しかし、彼が純粋な自己顕示欲の権化であったかと言われるとそういうわけでもなく、役者も一人の人間でありその軸を中心に様々な仮面を付けて役柄に化けることで時代に依らず人の心を動かせると思っている節がある。つまり自分が見せるものを皆も見たいと考えていたようだ。こうして自己欺瞞まで獲得していたヘンドリックは自身がメフィストであるかのように州首相(プロイセン州首相ということはゲーリングか)に取り入り、ハムレットを用いて第三帝国を礼賛する。どう考えても州首相がメフィストであり、第三帝国に魂を売り渡すヘンドリックはファウストの側であるのだが本人がそれに気が付くのはだいぶ先になる。

ナチスに魂を売り渡したヘンドリックは、それでも自分は"表現者"であると考えていたようだが、彼が被る"役柄"という仮面の下にヘンドリックという人間は存在せず、仮面がヘンドリックそのものになってしまうことに気が付かなかった。その時点で彼は"表現者"ではなく"体現者"となり、自分を見失った"第三帝国の記号"でしかなくなってしまった。そして、仮面が自分そのものになったと気がついたとき、彼は"自分は役者でしか無い"という事実を認識せざるを得なくなる。
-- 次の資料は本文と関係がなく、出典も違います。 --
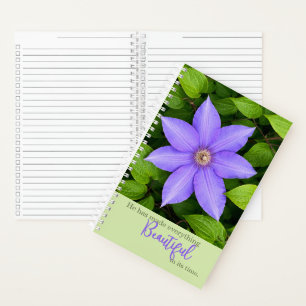 Schön in seiner Zeit Purpur-Clematis-Journal Notizbuch
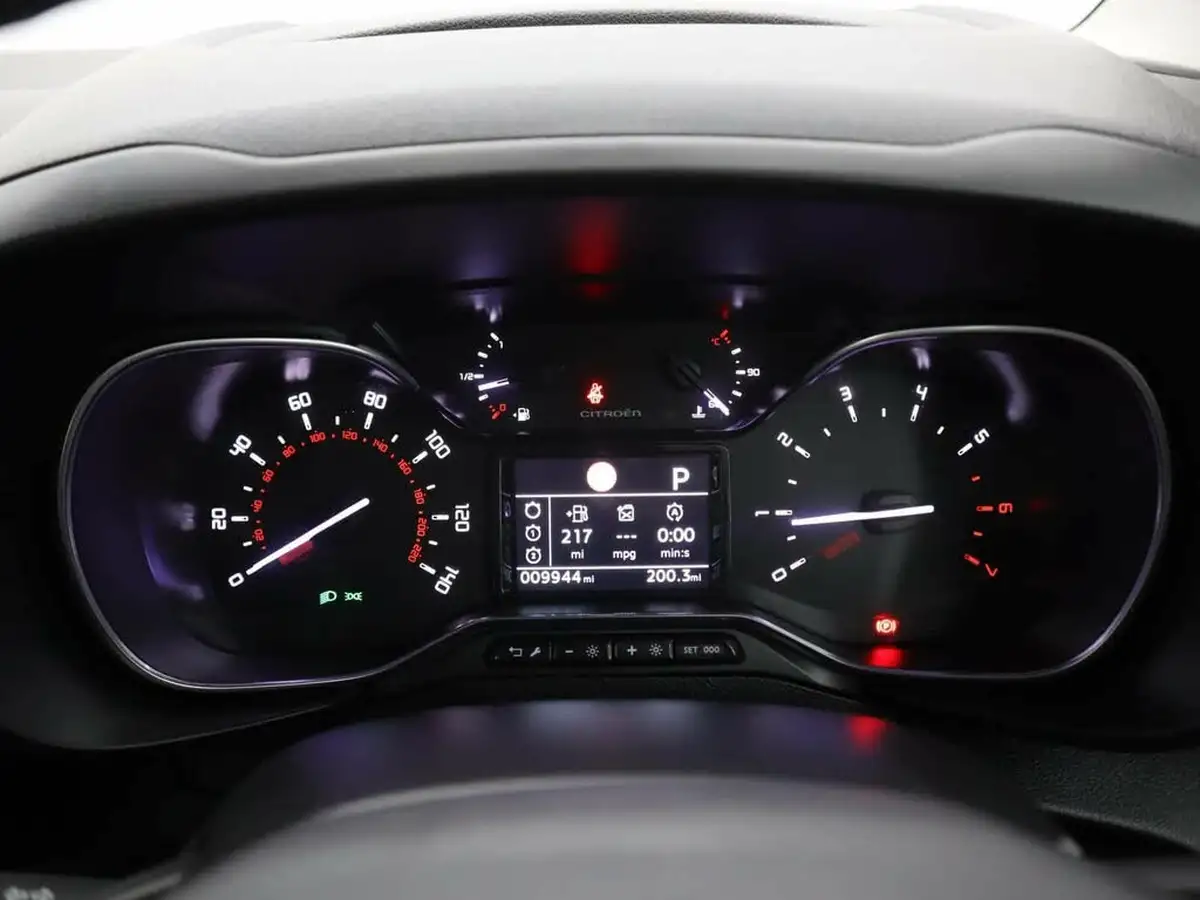 2019-citroen-berlingo-15bluehdi-flair-m-size-130ps-eat8-big-10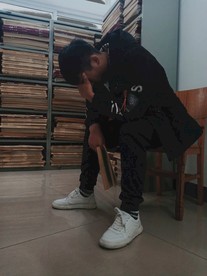 一角的那个他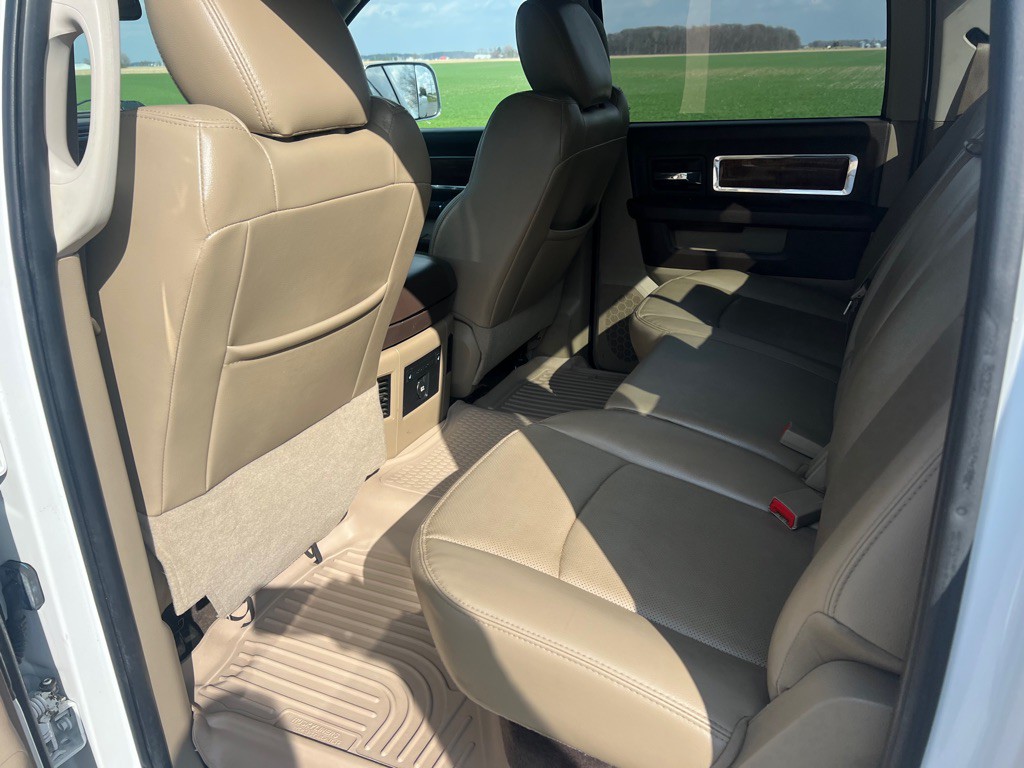 2011 RAM 3500 Image 13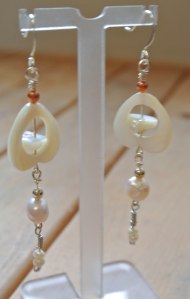 Mother of pearl and pearls earrings - DSC_0685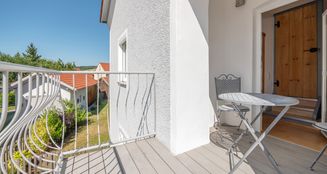 von_poll_real_estate_property_25172004_image_7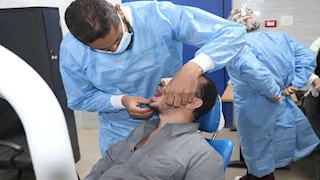 جامعة سوهاج تطلق قافلة طبية بقرية الكوامل بحري -صور 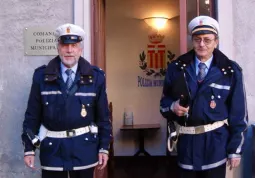 Michele Mattalia e Renato Chiapello, i due vigili urbani in pensione dallo scorso gennaio potranno essere sostituiti con agenti in arrivo da altri Comuni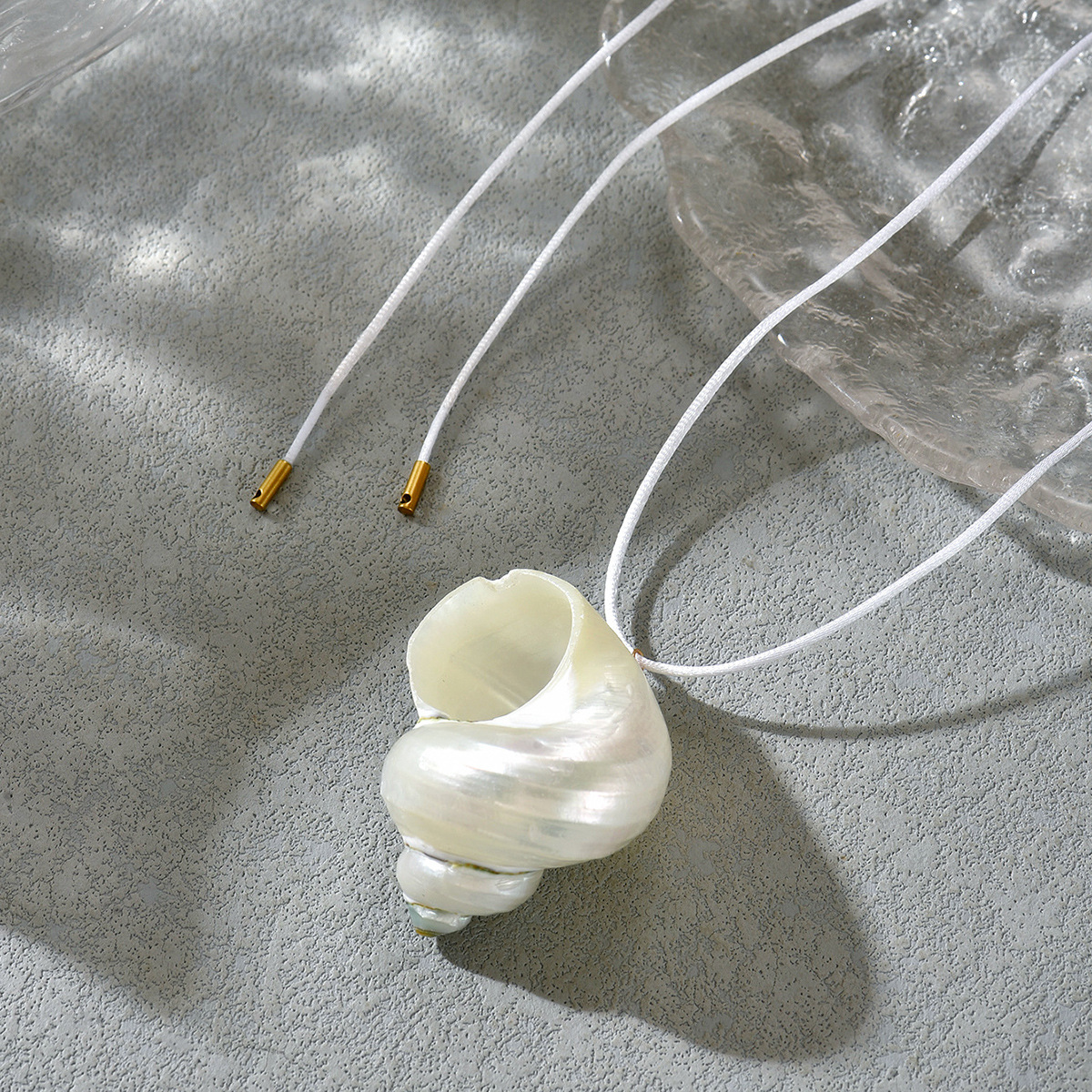 Conch Pendant Clavicle Necklace, picture 2 of 4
大光量のスポットライトを浴びて追い詰められたヘンドリックが呟くこの小さな言葉が彼の心を一瞬で食い尽くした絶望なんだろう。

良くも悪くも非常に真面目な映画だった。確かに賞レースには向いてるが。
Omizu
3.5
【第54回アカデミー賞 外国語映画賞受賞】
『太陽の雫』『華麗なる恋の舞台で』などのサボー・イシュトヴァーン監督作品。カンヌ映画祭で脚本賞を受賞、アカデミー賞では前年の『コンフィデンス/信頼』に続き二年連続で外国語映画賞にノミネートされ受賞を果たした。

メフィストを当たり役とした役者ヘンドリック・ヘーフゲンが、当時台頭してきたナチスに巻き込まれていく様を描いている。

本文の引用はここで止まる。